(Caption-style text data)

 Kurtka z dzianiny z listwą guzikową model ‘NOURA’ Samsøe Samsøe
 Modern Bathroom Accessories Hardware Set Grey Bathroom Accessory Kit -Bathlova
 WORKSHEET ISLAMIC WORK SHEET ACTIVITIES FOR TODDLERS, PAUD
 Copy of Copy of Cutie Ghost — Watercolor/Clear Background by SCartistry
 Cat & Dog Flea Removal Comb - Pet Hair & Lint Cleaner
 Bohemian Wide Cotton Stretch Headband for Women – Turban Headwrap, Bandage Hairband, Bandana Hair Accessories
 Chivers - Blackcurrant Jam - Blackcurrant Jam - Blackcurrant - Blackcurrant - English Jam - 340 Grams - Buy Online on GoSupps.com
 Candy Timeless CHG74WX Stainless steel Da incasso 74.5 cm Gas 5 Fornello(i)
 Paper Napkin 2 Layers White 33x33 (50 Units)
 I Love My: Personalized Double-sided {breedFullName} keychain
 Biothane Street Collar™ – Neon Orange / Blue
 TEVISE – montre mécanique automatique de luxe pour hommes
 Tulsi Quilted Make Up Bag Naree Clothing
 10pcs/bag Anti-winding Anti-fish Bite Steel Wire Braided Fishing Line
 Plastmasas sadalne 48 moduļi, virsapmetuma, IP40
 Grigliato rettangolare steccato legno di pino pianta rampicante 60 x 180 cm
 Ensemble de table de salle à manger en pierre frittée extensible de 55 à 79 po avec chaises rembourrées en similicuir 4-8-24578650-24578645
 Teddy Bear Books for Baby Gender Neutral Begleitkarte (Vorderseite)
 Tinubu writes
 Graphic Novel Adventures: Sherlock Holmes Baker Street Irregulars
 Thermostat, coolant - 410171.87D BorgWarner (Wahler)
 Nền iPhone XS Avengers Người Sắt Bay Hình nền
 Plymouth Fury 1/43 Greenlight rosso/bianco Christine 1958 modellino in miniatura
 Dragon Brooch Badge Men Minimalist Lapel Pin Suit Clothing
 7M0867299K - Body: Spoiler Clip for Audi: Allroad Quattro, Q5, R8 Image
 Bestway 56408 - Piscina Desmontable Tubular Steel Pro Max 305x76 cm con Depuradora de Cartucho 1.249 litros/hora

What you should do ▸ Take the lines above from the one containing "Teddy Bear Books" down to the one containing "7M0867299K - Body: Spoiler", and transcribe them exactly, both ends included.

Task output ▸
 Teddy Bear Books for Baby Gender Neutral Begleitkarte (Vorderseite)
 Tinubu writes
 Graphic Novel Adventures: Sherlock Holmes Baker Street Irregulars
 Thermostat, coolant - 410171.87D BorgWarner (Wahler)
 Nền iPhone XS Avengers Người Sắt Bay Hình nền
 Plymouth Fury 1/43 Greenlight rosso/bianco Christine 1958 modellino in miniatura
 Dragon Brooch Badge Men Minimalist Lapel Pin Suit Clothing
 7M0867299K - Body: Spoiler Clip for Audi: Allroad Quattro, Q5, R8 Image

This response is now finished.